**What to work on**
Without the pictures, can you quote each line below exactly?

**Exercise data**
--- START ---

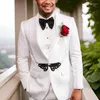 Herrenanzüge Floral African Für Männer Hochzeit 3 Stücke Schal Revers One Button Blazer Benutzerdefinierte Bräutigam Smoking Männliche Mode Kostüm 2024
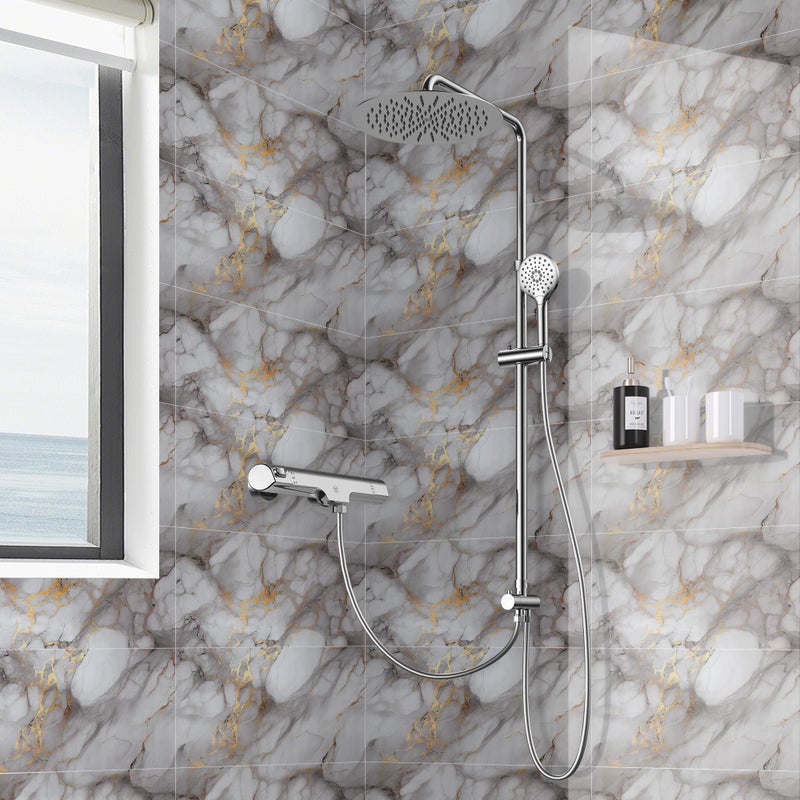 WADILE 23.6"x11.8" Waterproof Marble Peel and Stick Wall Panels Marble Tile PVC Backsplash Tiles for Kitchen, Bathroom, Living Room, Bedroom 20 Pack Gold - Image 4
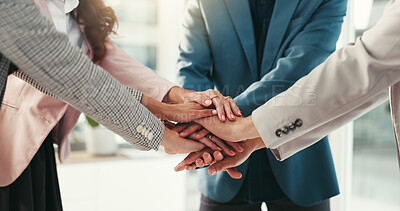 Buy stock photo Hands, huddle and team building with business people in office together for solidarity or unity. Collaboration, motivation and stack with employee group in workplace for celebration or success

--- END ---

**Reply to the exercise**
 Herrenanzüge Floral African Für Männer Hochzeit 3 Stücke Schal Revers One Button Blazer Benutzerdefinierte Bräutigam Smoking Männliche Mode Kostüm 2024
 WADILE 23.6"x11.8" Waterproof Marble Peel and Stick Wall Panels Marble Tile PVC Backsplash Tiles for Kitchen, Bathroom, Living Room, Bedroom 20 Pack Gold - Image 4
 Buy stock photo Hands, huddle and team building with business people in office together for solidarity or unity. Collaboration, motivation and stack with employee group in workplace for celebration or success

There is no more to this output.